One organization focused on attracting students of color into STEM programs is the North Star STEM Alliance. It’s a partnership of 14 colleges and universities, the MHTA, the Science Museum of Minnesota and the Minnesota Minority Education Partnership. The alliance sponsors a variety of programs, including visits to colleges, and it provides industry speakers and symposiums.
Businesses requiring STEM-educated employees will need to tap a more diverse pool of candidates, and they’re already looking for a more diverse skill set.

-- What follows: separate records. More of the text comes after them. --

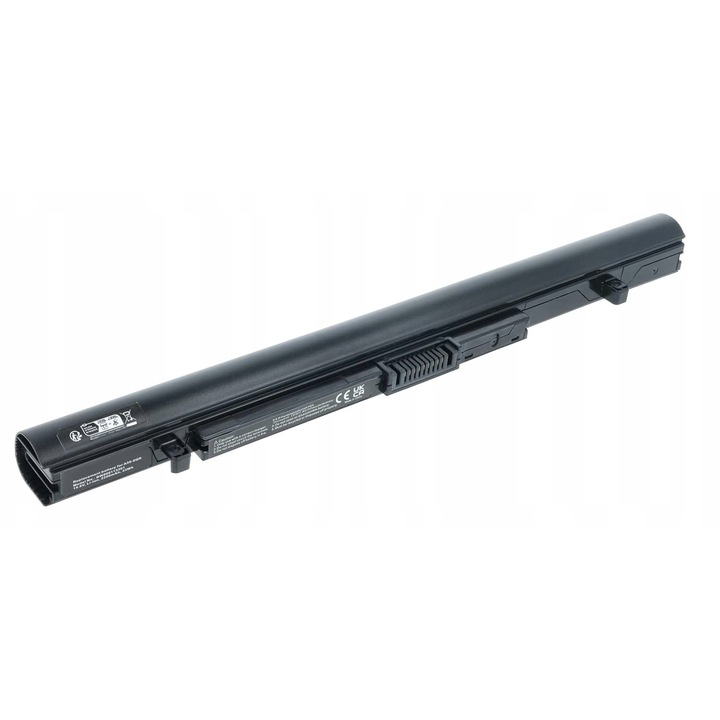 Baterie laptop Toshiba Satellite Pro R50-B, 2200mAh, 14,8V, neagra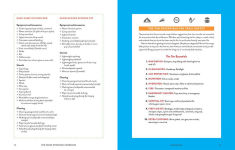 Alternative view 15 of The Great Outdoors Cookbook: Over 100 Recipes for the Campground, Trail, or RV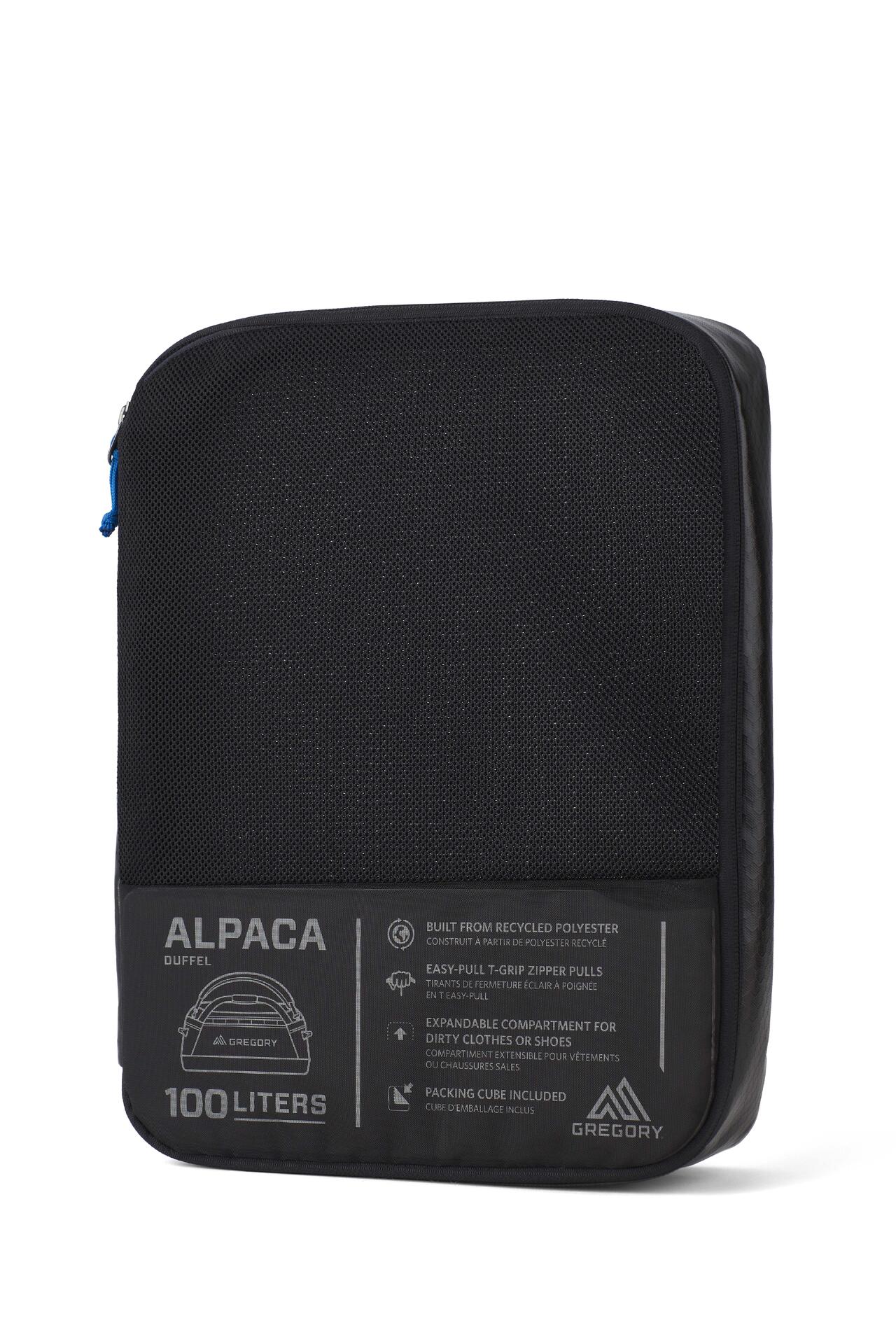 Alpaca 100 - Bilde 3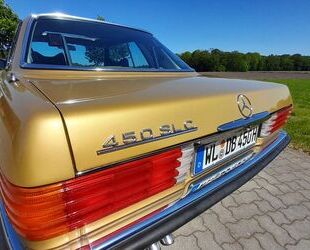 Mercedes-Benz 450 Gebrauchtwagen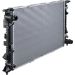 Kühler, Motorkühlung CR 912 000P Kühler, Motorkühlung CR 912 000P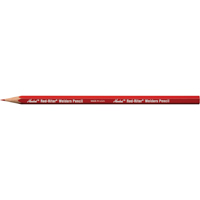 Red-Riter&reg; Welders Pencil, Round Sidevic Inc.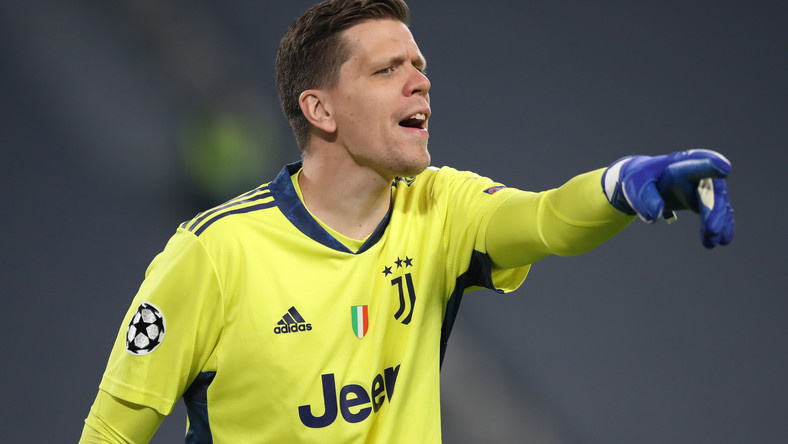 Войцех Щенсны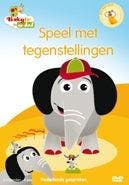 Baby TV - Speel met tegenstellingen, Verzenden, Nieuw in verpakking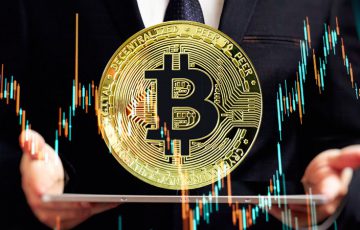 1％獲得できればビットコイン価格は「428,000ドル」に＝ヘッジファンドマネージャー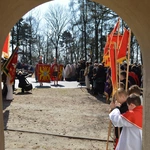 Misterium w Piekarach Śl. 2026 - Droga Krzyżowa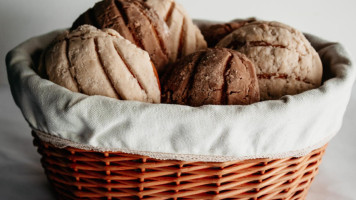 Panaderia Abuelito food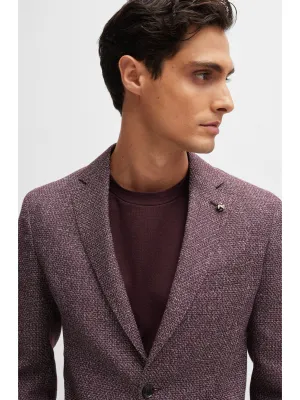 BOSS Blazer - C-Hanry-233BBS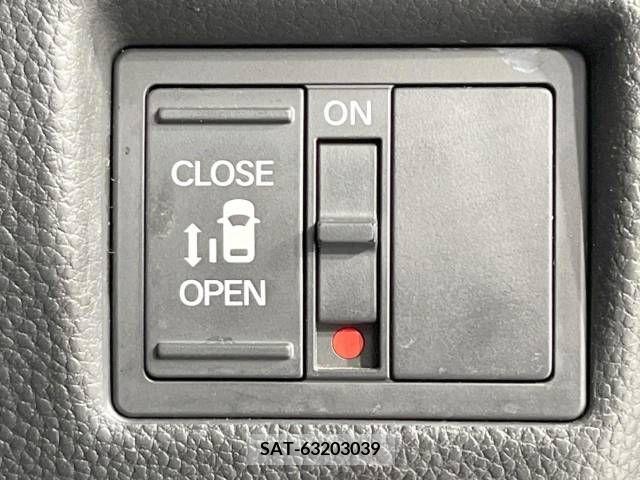 Honda N BOX CUSTOM 2019-10 279218-3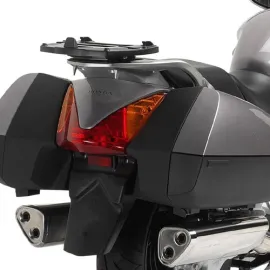 KIT ADAPTADOR MK C/PARRILLA HONDA.PAN EUROPEAN.ST1300.-02 A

Three years ago, 360 Manufacturing asked Minnesota companies about the competencies of MnSCU manufacturing graduates. The major feedback White’s consortium received was that while graduates had strong technical skills, “they struggled with how to be a productive employee.” In response, 360 Manufacturing has developed “learning modules” available to schools, colleges and businesses that impart soft skills. Those entail career success strategies, such as techniques for working with co-workers.
Many in the STEM education field say that employers are looking for STEM employees who are well-rounded, not just technically skilled. Russell Fraenkel, interim executive director of Advance IT Minnesota, another MnSCU center of excellence, notes that an employee with low social skills will have a harder time succeeding in the work world than in the past. Along with IT businesses, Advance IT has co-developed the Fusion program, where MnSCU students work at a company for nine to 12 months. This allows students to not only gain IT expertise, but also learn how to communicate and collaborate with colleagues.
That blending of hard and soft skills is what Wilder Research’s Liuzzi says employers absolutely need for a 21st century workforce.
Gene Rebeck is a Duluth-based freelance journalist who writes monthly for Twin Cities Business.